In Höhen unterhalb von rund 1500 Metern ist der natürliche oder naturnahe Bergwald ein Mischwald. Je nach Standort und anthropogenem Einfluss ist die Zusammensetzung natürlich dennoch verschieden. Hier - beobachtet in den deutschen Alpen - sind die wichtigsten Arten Rotbuche, Berg-Ahorn, Weiß-Tanne, Fichte, Lärche, Wald-Kiefer.
Die Nadelbäume lassen sich teils an ihrer Borke unterscheiden, teils sind aber zur Sicherheit auch die Benadelung oder der Habitus als zusätzliches Merkmal notwendig.
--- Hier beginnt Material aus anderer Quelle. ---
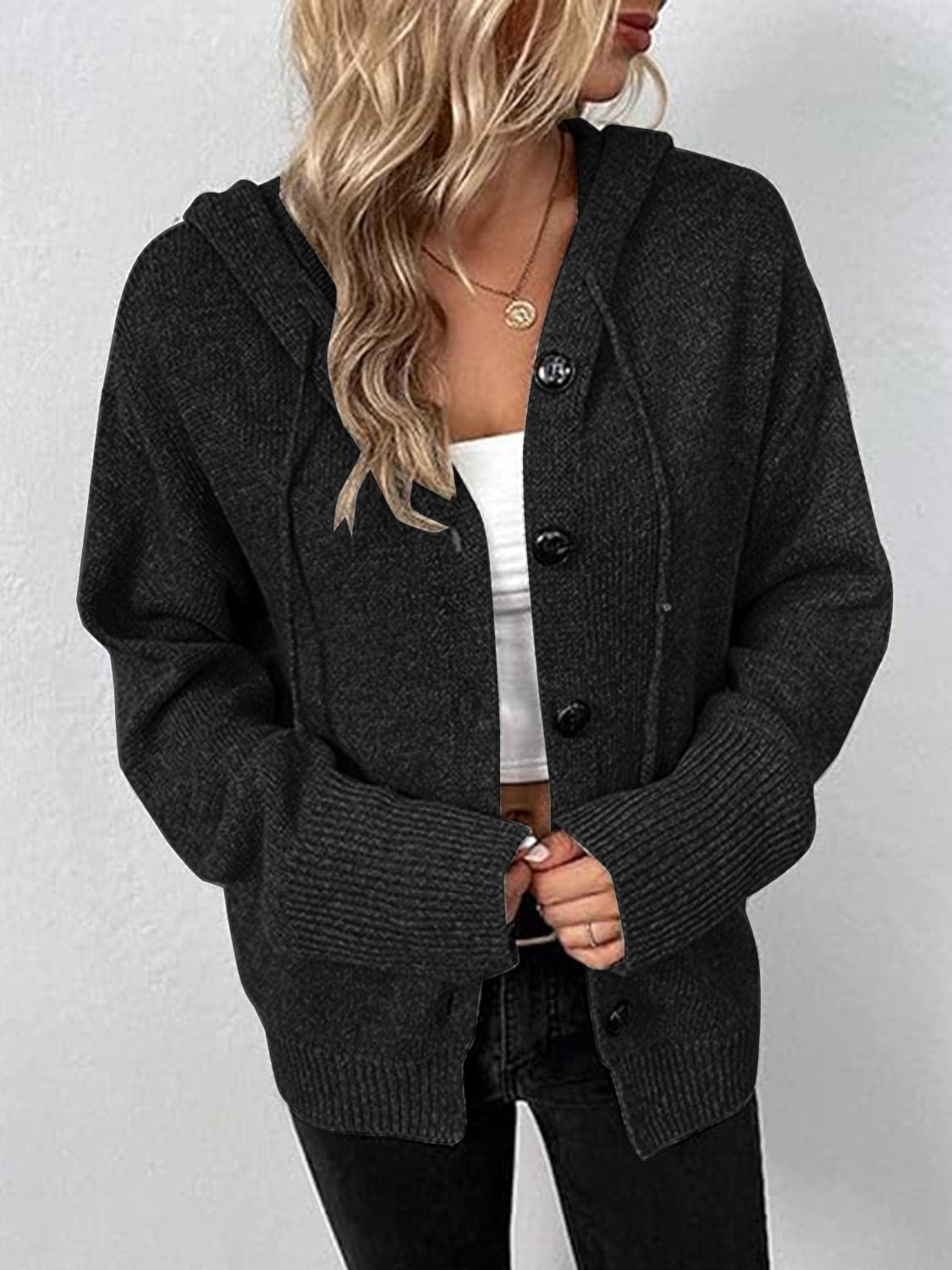 Button Up Drawstring Long Sleeve Hooded Cardigan.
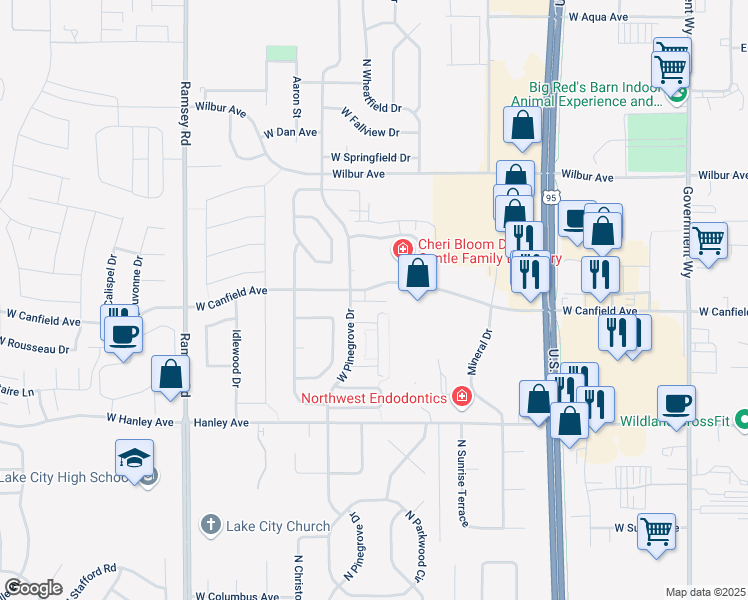 map of restaurants, bars, coffee shops, grocery stores, and more near 1070 West Rustic Lodge Drive in Coeur d'Alene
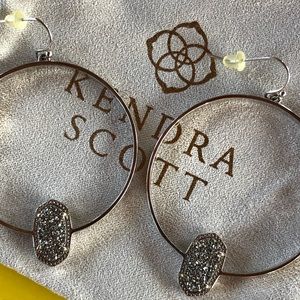 Kendra Scott Elora silver hoop in silver drusy
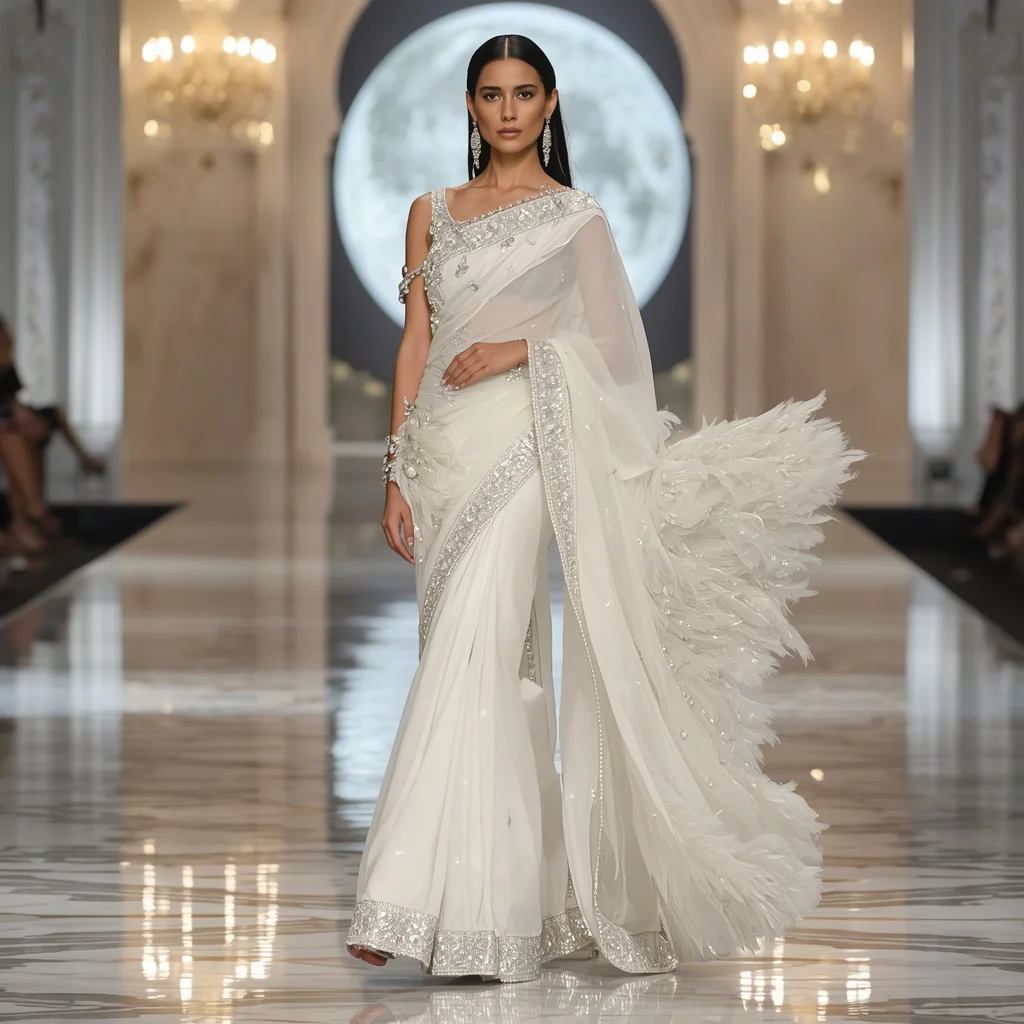 White Moon Diamond Saree – Elegant Couture Saree with Walk Pose and White Moon Palace Background | grok prompt - Ethereal Pastel Handloom Saree AI Prompts for Serene Retreats AI Prompt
Ich stelle hier jetzt die verschiedenen Nadelbäume primär nach ihren Borken einander gegenüber.
1. Wald-Kiefer, Pinus sylvestris, grobe Felder mit tiefen Rissen, zur Spitze hin rötlich papierartig
2. Weiß-Tanne, Abies alba, Borke mehr oder weniger schuppig, teils rissig, grau
3. Lärche, Larix decidua, ältere Borke mit groben Feldern und tiefen Rissen, jüngere Borke mit groben Schuppen
4. Fichte, Picea abies, schuppig-warzig - jung eher fein, später etwas grober, meist rötlich
je nach Standort der Fichte wird bei langsamerem Wachstum die Borke deutlich stärker grau: durch Verwitterung, Algen, Flechten; unter abgefallenen Schuppen wird es aber wieder deutlich rötlich.